**WORK ORDER**
When you output the entries, begin with the first line and end with the line containing "Sourire femme tenant une maison de jouets", keeping each line exactly as it is.

Short descriptive text snippets:

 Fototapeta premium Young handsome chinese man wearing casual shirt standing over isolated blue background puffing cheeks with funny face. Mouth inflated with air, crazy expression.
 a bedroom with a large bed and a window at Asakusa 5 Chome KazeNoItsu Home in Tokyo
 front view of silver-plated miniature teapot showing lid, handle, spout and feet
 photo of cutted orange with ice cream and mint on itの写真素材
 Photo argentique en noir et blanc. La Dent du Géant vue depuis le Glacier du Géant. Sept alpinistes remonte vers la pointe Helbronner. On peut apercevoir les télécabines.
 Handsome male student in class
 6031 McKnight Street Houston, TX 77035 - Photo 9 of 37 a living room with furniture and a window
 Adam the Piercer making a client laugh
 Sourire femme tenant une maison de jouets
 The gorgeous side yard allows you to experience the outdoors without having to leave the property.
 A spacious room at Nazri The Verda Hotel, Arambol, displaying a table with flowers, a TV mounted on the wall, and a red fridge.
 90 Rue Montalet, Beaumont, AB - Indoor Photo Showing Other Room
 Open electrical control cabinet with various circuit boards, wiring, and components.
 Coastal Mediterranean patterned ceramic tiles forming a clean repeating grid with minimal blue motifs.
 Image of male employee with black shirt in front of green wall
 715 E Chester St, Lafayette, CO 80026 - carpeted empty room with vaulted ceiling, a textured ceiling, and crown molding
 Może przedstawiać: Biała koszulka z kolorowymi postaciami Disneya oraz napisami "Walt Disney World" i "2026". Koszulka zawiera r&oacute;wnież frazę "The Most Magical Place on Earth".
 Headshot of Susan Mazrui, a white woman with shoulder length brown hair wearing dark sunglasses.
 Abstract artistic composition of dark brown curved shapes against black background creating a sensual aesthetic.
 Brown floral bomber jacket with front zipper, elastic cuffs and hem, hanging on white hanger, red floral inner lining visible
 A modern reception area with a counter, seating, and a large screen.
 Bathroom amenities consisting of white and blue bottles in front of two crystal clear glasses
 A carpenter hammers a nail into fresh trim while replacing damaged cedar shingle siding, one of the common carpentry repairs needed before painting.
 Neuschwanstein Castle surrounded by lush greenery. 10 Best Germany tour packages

**RESPONSE BELOW**
 Fototapeta premium Young handsome chinese man wearing casual shirt standing over isolated blue background puffing cheeks with funny face. Mouth inflated with air, crazy expression.
 a bedroom with a large bed and a window at Asakusa 5 Chome KazeNoItsu Home in Tokyo
 front view of silver-plated miniature teapot showing lid, handle, spout and feet
 photo of cutted orange with ice cream and mint on itの写真素材
 Photo argentique en noir et blanc. La Dent du Géant vue depuis le Glacier du Géant. Sept alpinistes remonte vers la pointe Helbronner. On peut apercevoir les télécabines.
 Handsome male student in class
 6031 McKnight Street Houston, TX 77035 - Photo 9 of 37 a living room with furniture and a window
 Adam the Piercer making a client laugh
 Sourire femme tenant une maison de jouets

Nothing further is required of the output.